Em Alagoas, nas águas doces que se entregam ao mar, a Grande mãe também apresenta-se:
“A rainha do Guerreiro / a rainha da nação / fazendo entusiasmo / devagá pisa no chão. Eu sou uma Barbuleta / que venho de Maceió / dançando no mei’ da sala / fazendo meus caracó. Viva a Lira, viva a Estrela de Ouro / viva a nossa Barbuleta e a Rainha Imperiá / Olê, olá, viva nosso Índio Peri / que é dono deste arraiá.”
Nas promessas do Círio e nos chapéus dos mestres e embaixadores do Guerreiro as formas arquitetônicas que se apresentam nas cidades concretas são reinventadas, e tais objetos dialogam tanto com a memória de fazeres de outrora, quanto com o desejo vivo que move os fazeres de hoje, com vistas a outras cidades. No gestual de promesseiros e brincantes as representações da arquitetura evidenciam suas raízes em arcaicas tradições de oferendas às divindades femininas da Bacia do Mediterrâneo, desdobradas em costumes cristãos medievais, depois dispersas nas costas africanas e no novo mundo, onde transformaram-se, alternando sobrevivências, esquecimentos e invenções. No contexto urbano de Belém, e nos vários núcleos urbanos de Alagoas, as possíveis interações entre arquiteturas reais e imaginárias ampliam os entendimentos da casa, do espaço urbano, do fazer construtivo e da paisagem a um universo de expressões múltiplas, singulares, originais onde reafirma-se a primordial “dimensão poética das técnicas”: como toda ação que promove a passagem do não-ser ao ser. Interessa a este pesquisa investigar tal dimensão poética, comparativamente, nas duas condições particulares mencionadas, no Pará e em Alagoas. Para tanto, há que se considerar as interações históricas e contemporâneas que articulam a arquitetura real e a arquitetura imaginária em modelos arquitetônicos tridimensionais.

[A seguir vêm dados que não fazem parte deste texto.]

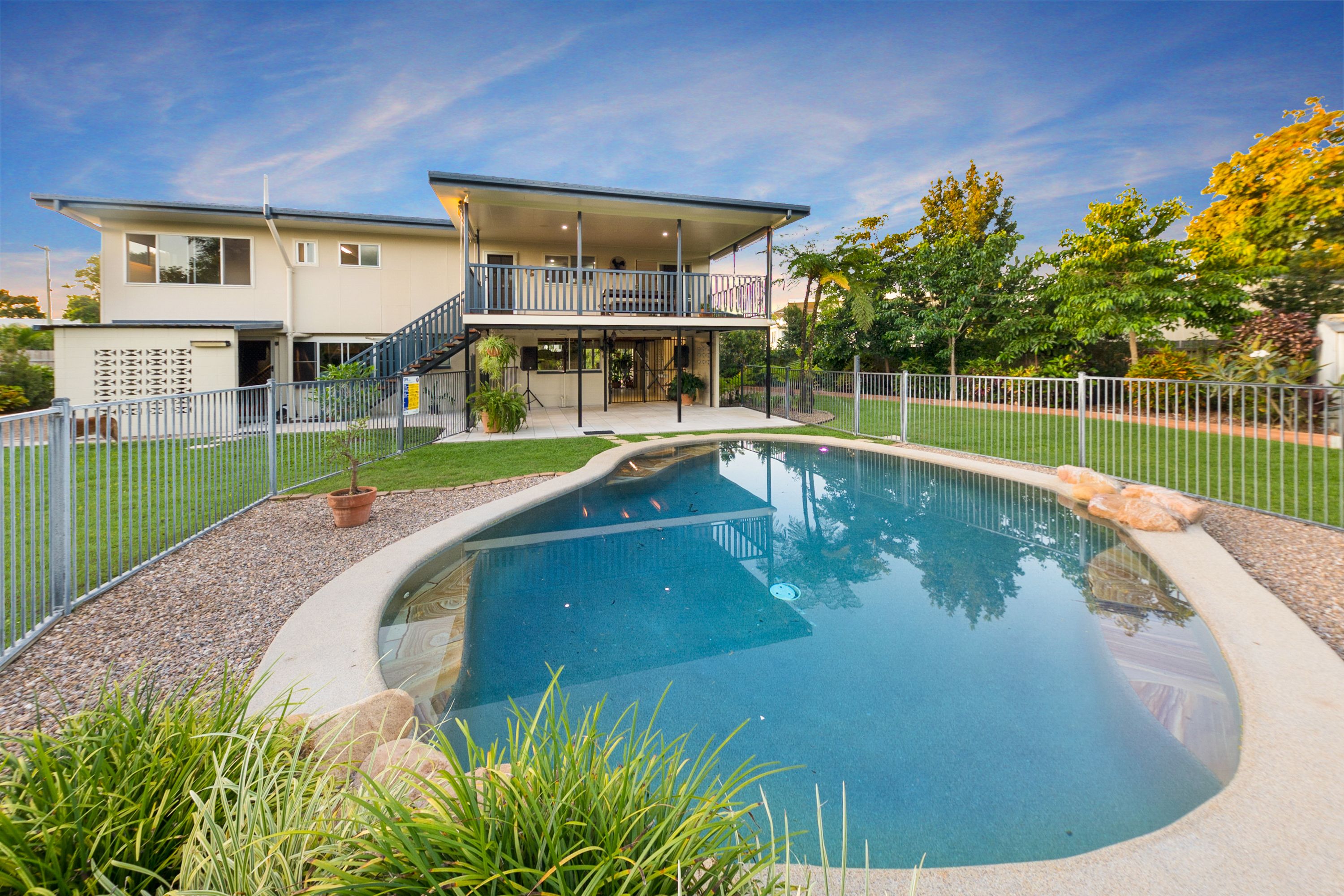8 Badelona Street, Cranbrook QLD 4814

Até o momento, nos estudos que compõe as referências bibliográficas sobre o tema, as particularidades dos promesseiros do Círio foram tratadas como expressões folclóricas, restristas ao âmbito de festividades católicas dedicadas à virgem, com ênfase nos aspectos religiosos e históricos locais. Assim como o Guerreiro também em sido estudado, predominantemente, sob o enfoque do folclore com ênfase em suas dimensões musicais e coreográficas.
Esta pesquisa se propõe a aprofundar as investigações iniciadas em 2010 (CNPq 400554/2010-0) trazendo para o primeiro plano de interesse a realização de estudos aprofundados e comparativos quanto às interações entre arquiteturas reais e imaginário arquitetônico. Para tanto, a fotografia e o vídeo, continuarão a ser os principais meios empregados buscando reconhecer, na visualidade dos fenômenos, a permanência dinâmica de formas artísticas tradicionais que afloram renovadas, vivas, em movimento, no Brasil de hoje.